▸ Problem: Could you copy exactly the lines from the one containing "兰州市科协领导来我校慰问优秀科技工作者" through the last line of the records below, leaving out any pictures?

Web page caption snippets
==========
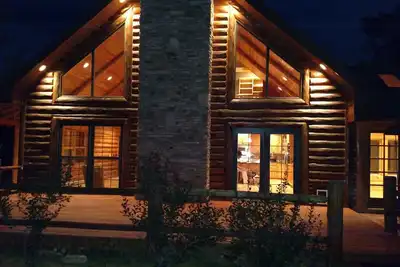 Image de Cabane en rondins personnalisé incroyable! <br>Réservez 3 nuits, 4ème nuit à prix réduit!
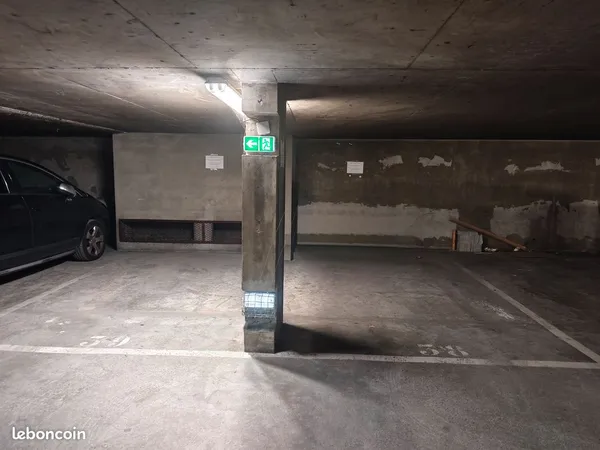 Place parking couvert et sécurisé- Part Dieu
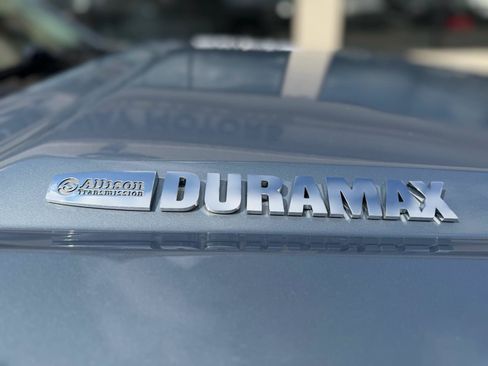Used 2016 GMC Sierra 2500 Denali w/ Duramax Plus Package AWD/4WD image 9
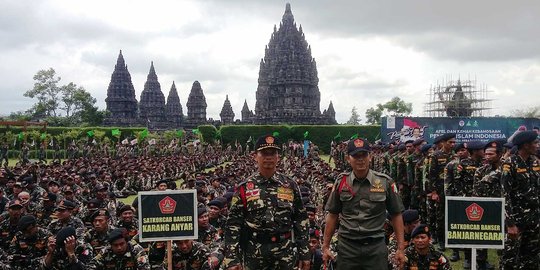 20.000 Banser NU & Kokam Muhammadiyah apel kebangsaan di Prambanan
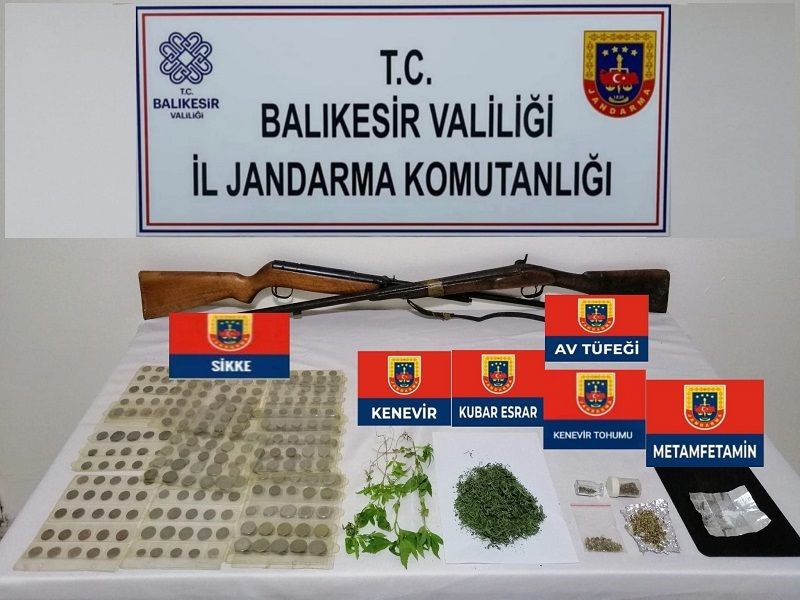 BALIKESİR'DE TARİHİ ESER VE UYUŞTURUCU SATAN 3 ŞAHSA OPERASYON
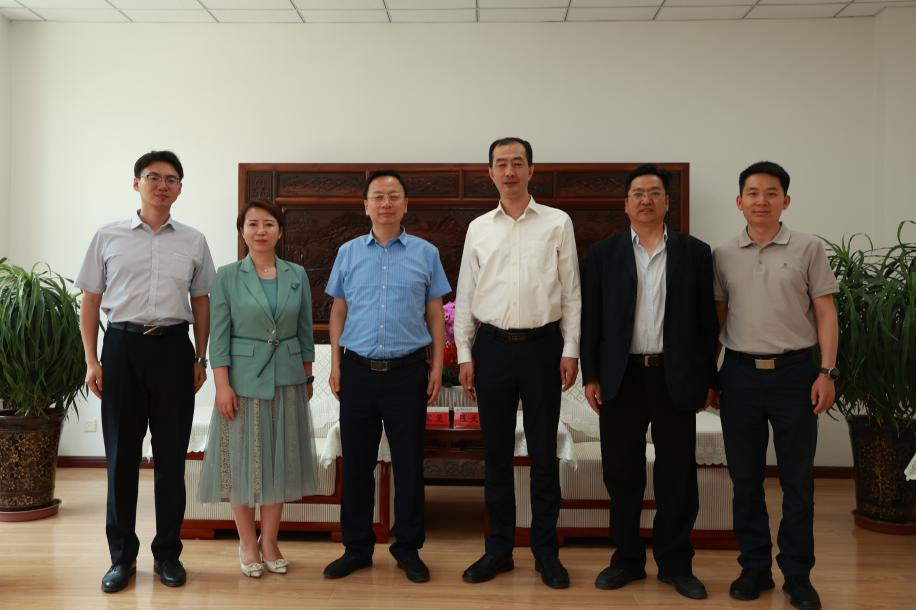 兰州市科协领导来我校慰问优秀科技工作者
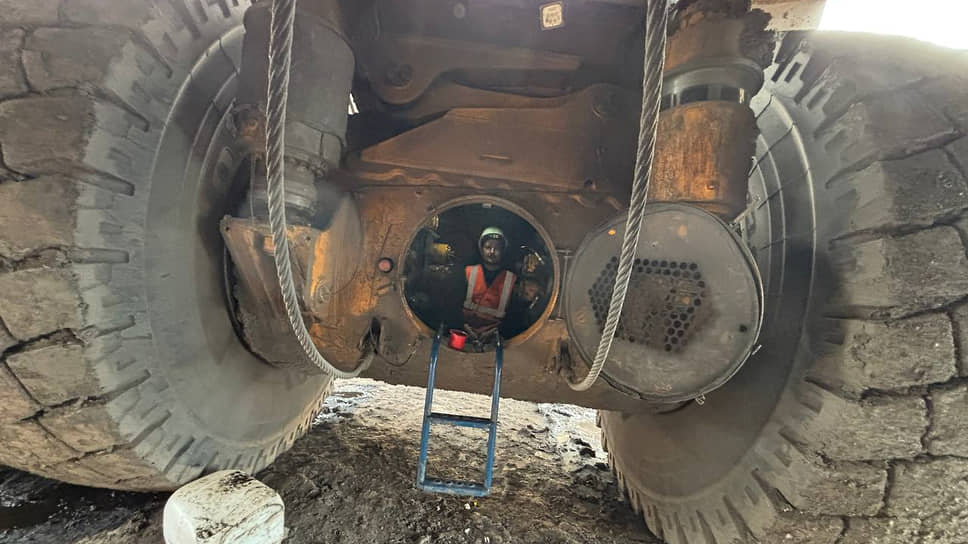 Модули МПП Гранат для защиты заднего моста монтирует директор НЗПО по инновациям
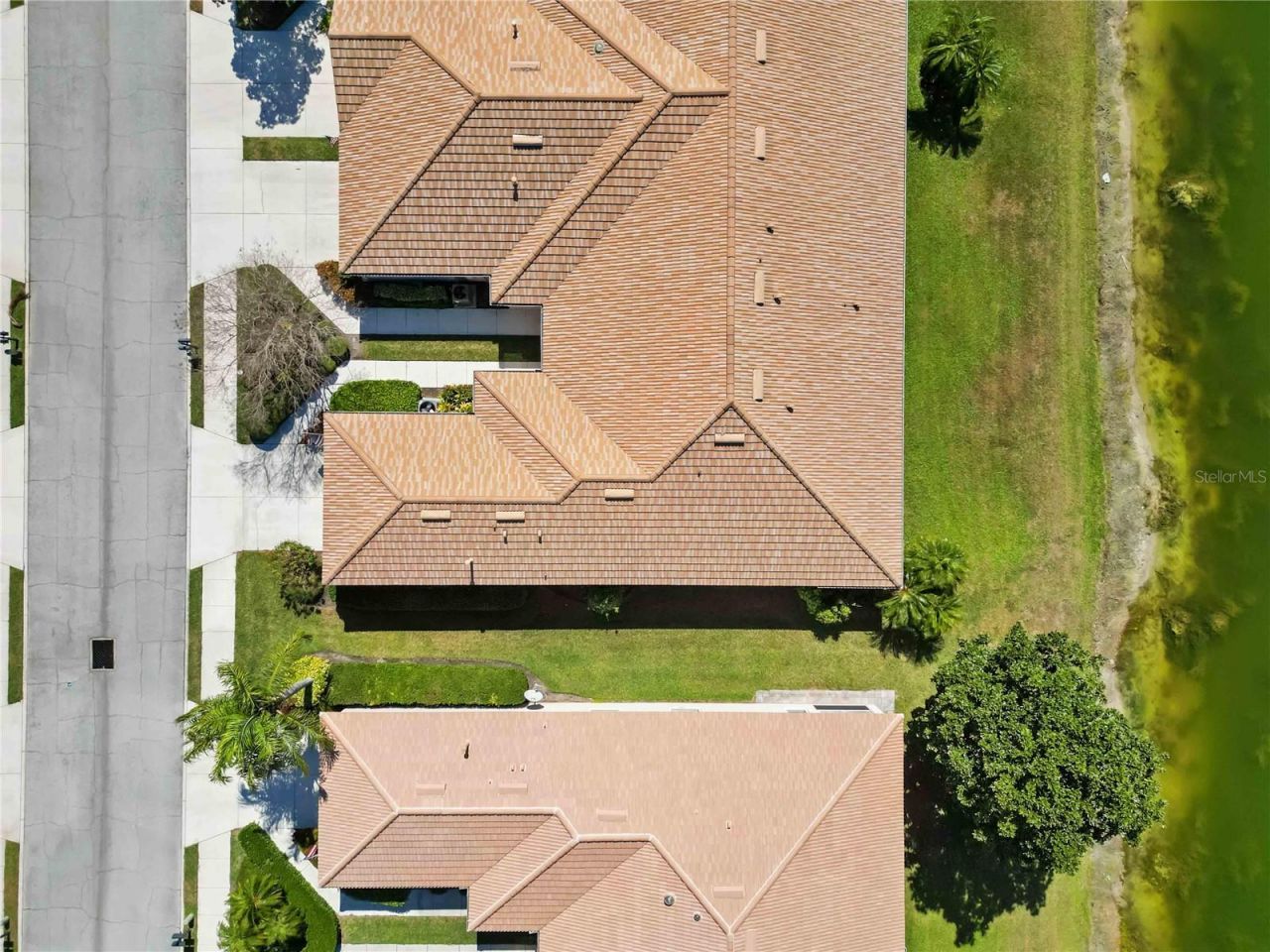 4040 Cascade Falls Drive, Sarasota, FL 34243 Photo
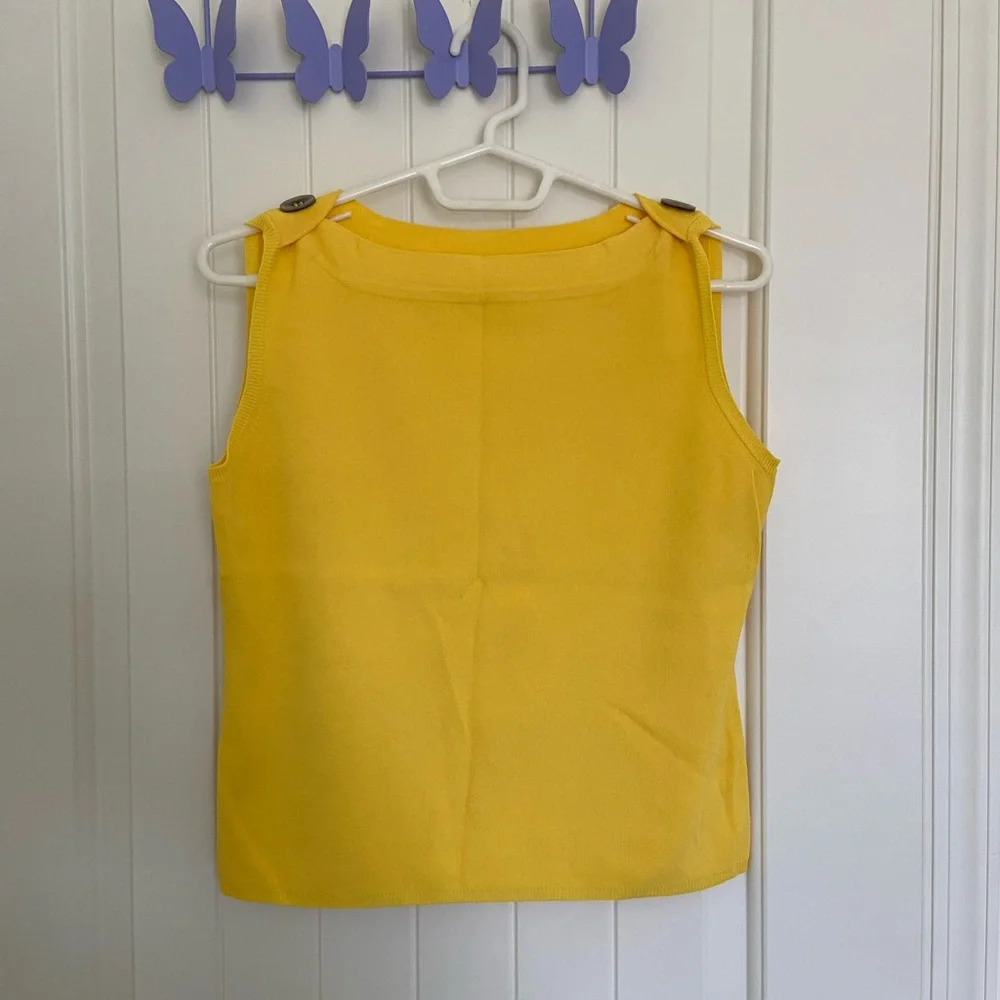 NWOT | Women’s bright yellow decorative‎ button sweater vest — small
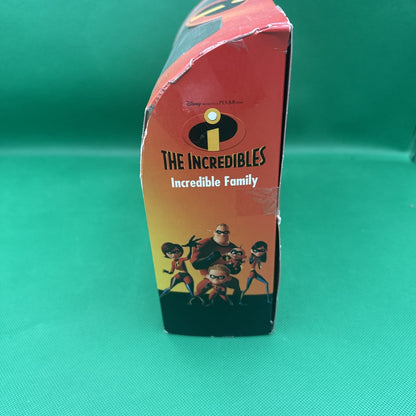 2003 Disney pixar: Incredible Battle Figures New in Package Some Wear - toyscardscomics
==========
▸ Written reply:
 兰州市科协领导来我校慰问优秀科技工作者
 Модули МПП Гранат для защиты заднего моста монтирует директор НЗПО по инновациям
 4040 Cascade Falls Drive, Sarasota, FL 34243 Photo
 NWOT | Women’s bright yellow decorative‎ button sweater vest — small
 2003 Disney pixar: Incredible Battle Figures New in Package Some Wear - toyscardscomics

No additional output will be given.